Is it difficult for college admission officers to tell when a student has not written his own application essay?
No, it often isn’t difficult at all. Admission officers read thousands of college essays, year after year. It’s easy for them to tell the difference between a seventeen-year old voice and a forty-something one; a middle-aged dad with writing finesse sounds like a middle-aged dad with writing finesse. Natural phrasing and word choice are generation-specific and difficult to disguise. Even subtle differences will stand out to seasoned readers. And these differences are apparent even when they are only a few insertions here and there throughout an otherwise student-written piece. Suspicious readers, whether they are sure about subterfuge or not, will certainly be disposed to scrutinize the rest of the application more diligently or to add a comment to the student’s file.
In addition, remember that an application reader has a student’s grades from English classes in hand, as well as SAT or ACT scores; and/or writing samples from supplemental essays. There may also be a letter of recommendation from the student’s eleventh grade English teacher — a letter that will specifically address the student’s aptitudes and abilities. (Some teachers even provide a short sample of the student’s work.)
Furthermore, parents sometimes forget to conceal what they are doing, or simply don’t realize how obvious they are. For example, during their turn at impersonating Junior, we slips in for I, and me becomes us, as in: “We were so worried when I was in the emergency room; the doctor told us I was lucky we came in immediately.” There also tend to be notable references to what Mom or Dad did, thought or said — “Dad breathed a sigh of relief” or “My Mom was very anxious.” Spell check won’t catch those types of errors for you.

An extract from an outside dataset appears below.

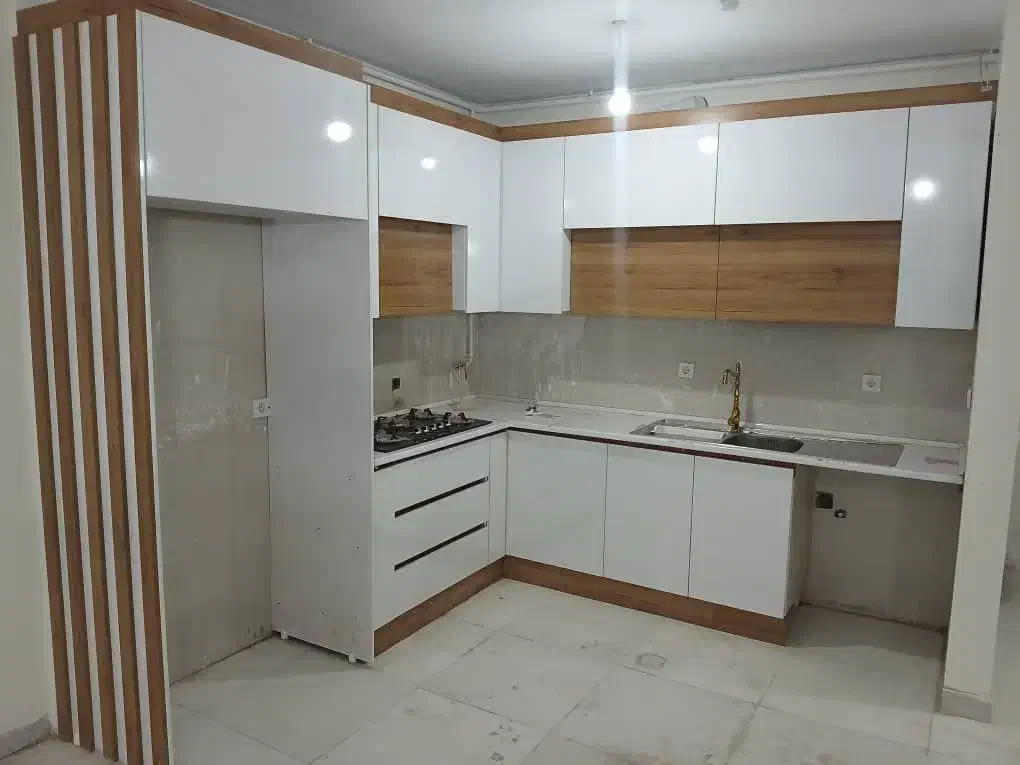 95متر دوخواب/کلید نخورده/بسیار شیک/سردارسلیمانی.A3|اجارهٔ آپارتمان|اراک, |دیوار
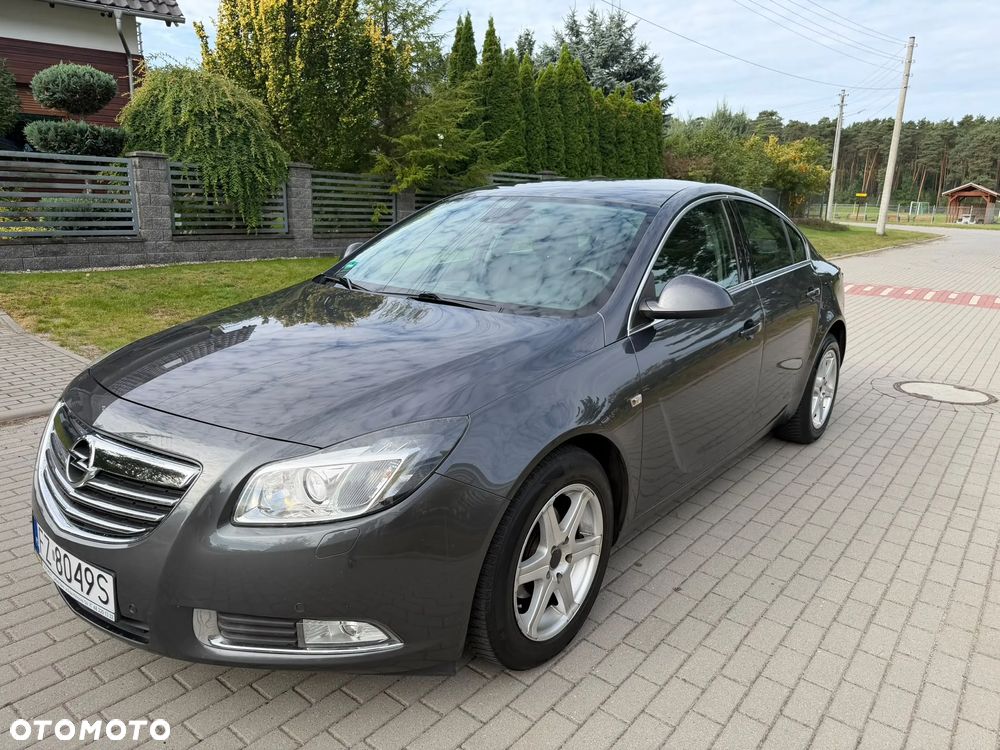 Opel Insignia - 20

Besides being perceptible to others, when you take over you may as well be saying he can’t do it without your help. What’s more, a parent’s product stands a higher chance of being superficial, pedantic and boring. It may be grammatically correct, but a boring essay adds nothing to the application. It is, therefore, a wasted opportunity to enhance the student’s admission possibilities.

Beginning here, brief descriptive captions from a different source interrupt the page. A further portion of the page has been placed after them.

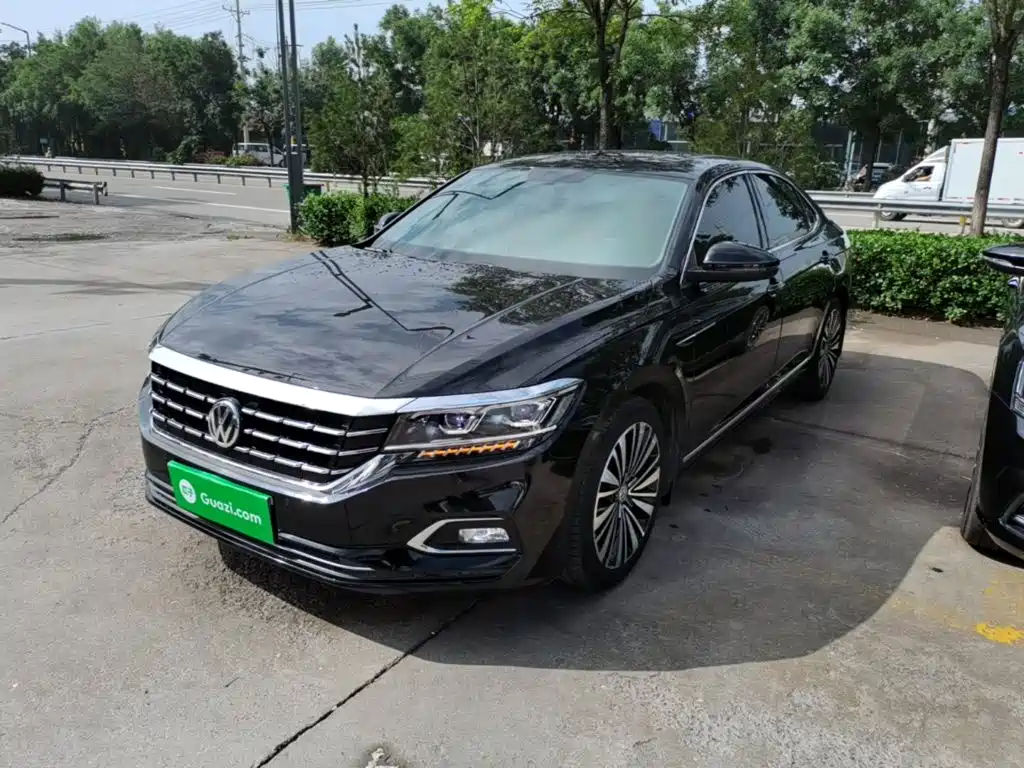 Volkswagen Passat 2019 Model 380TSI Luxury Edition China VI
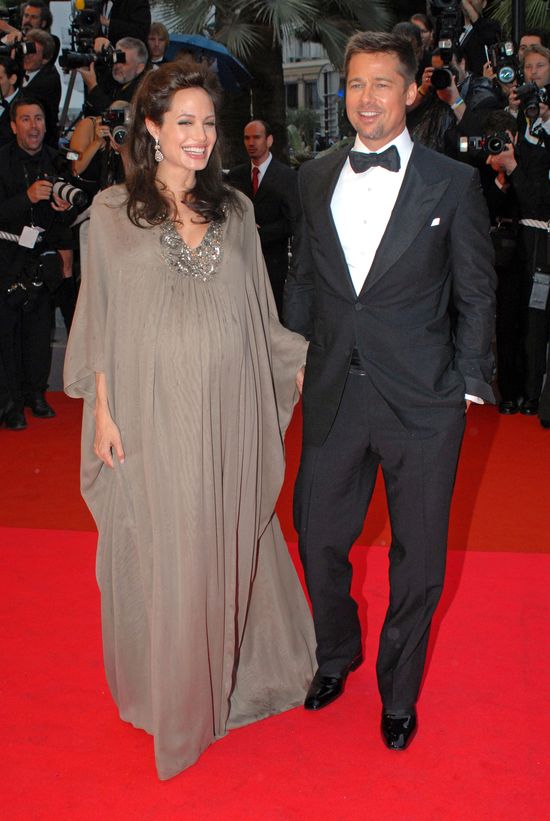 Angelina Jolie odetchnęła z ulgą, gdy dowiedziała się, że Brad...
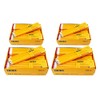 SKKSTATIONERY Pre-sharpened Pencils, Pencils Sharpened with Eraser top, 2 HB
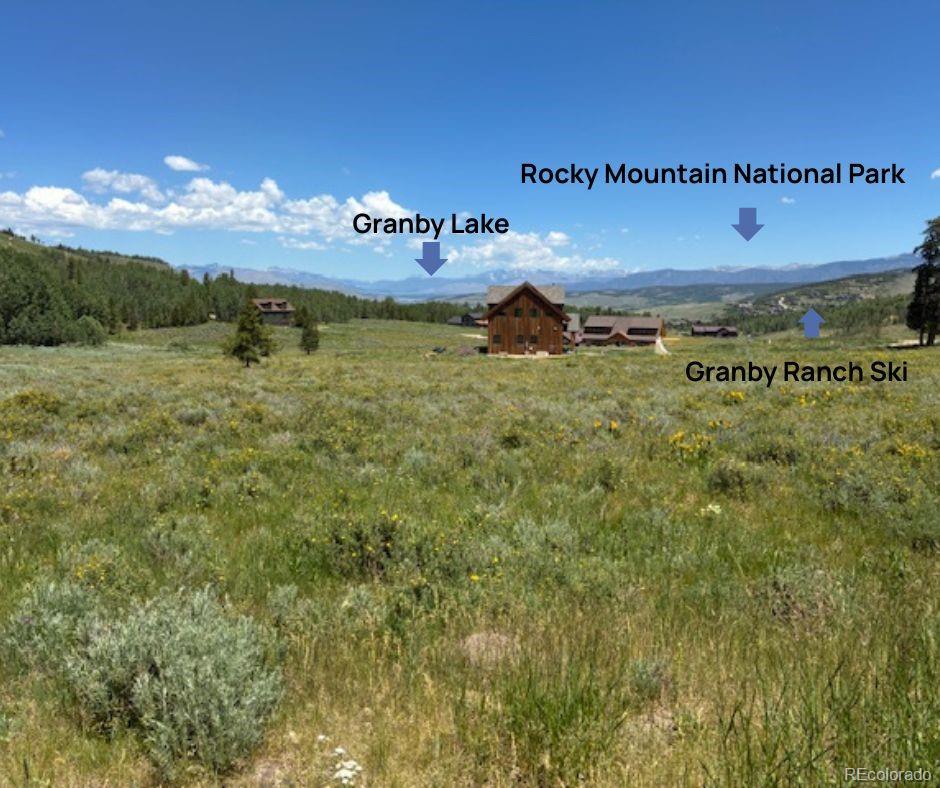 2509 County Road 88 Granby CO 80446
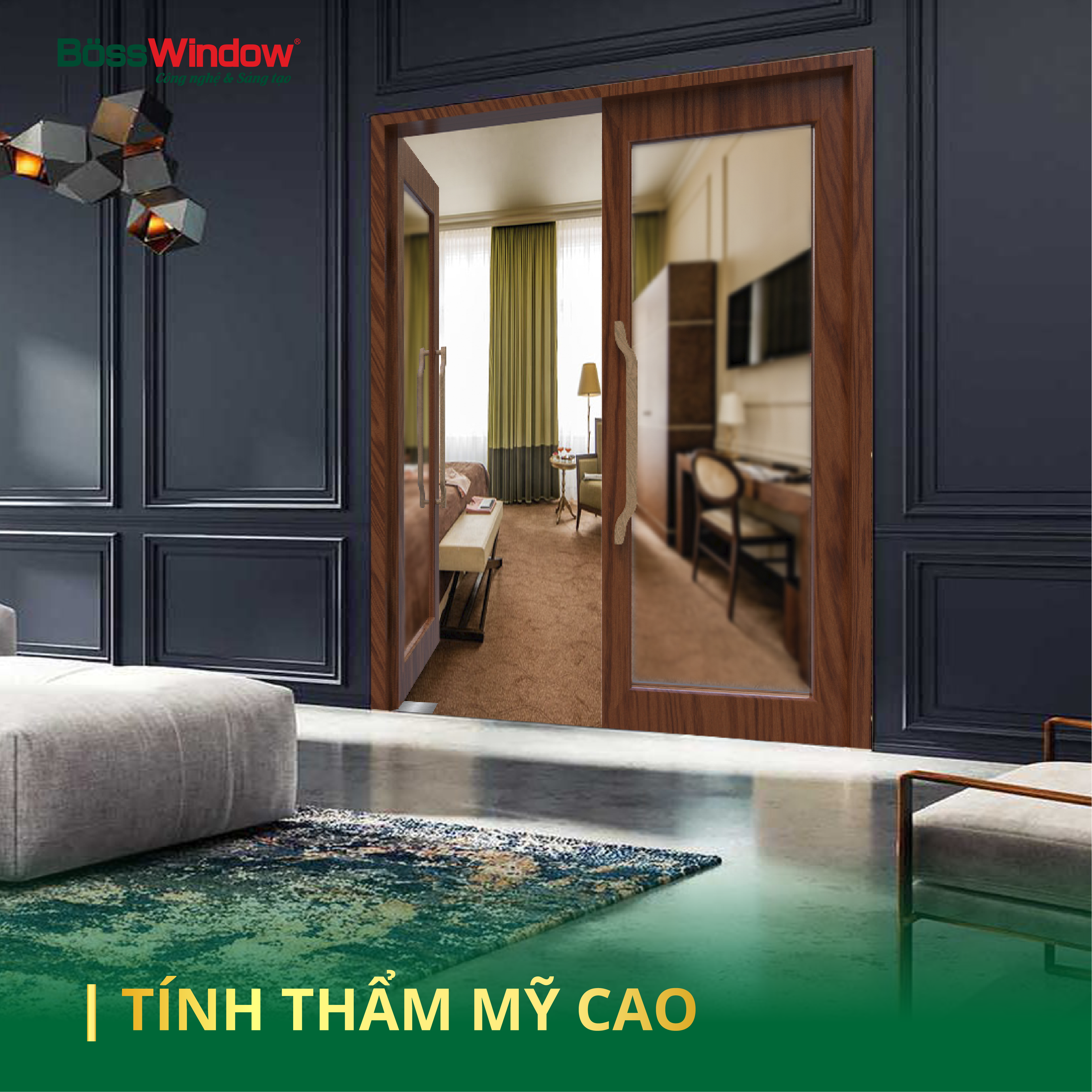 Cửa nhôm phù hợp với công trình nào? Gợi ý lựa chọn theo từng loại hình xây dựng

It’s also a wasted opportunity when students do not set aside some time before college digging deep in self-reflection. Taking this time to reflect helps students find structure in their life stories and meaning in the person they have become. The writing process can also help students articulate their interests and aspirations in this context of self-understanding — wonderful preparation for all those future internship and job interviews they’ll face. (Mom, Dad, you won’t be there for those!)
Working hard on and completing a thoughtful college essay can boost a student’s self-confidence and spark his excitement about starting college the next year. What more could parents want than for their college-bound teen to realize that he is his own best resource, ready to take on college and life as he transitions into adulthood? Do your seventeen-year old a favor and step aside… you may be surprised at what a genuine and heartfelt self-narrative junior will write.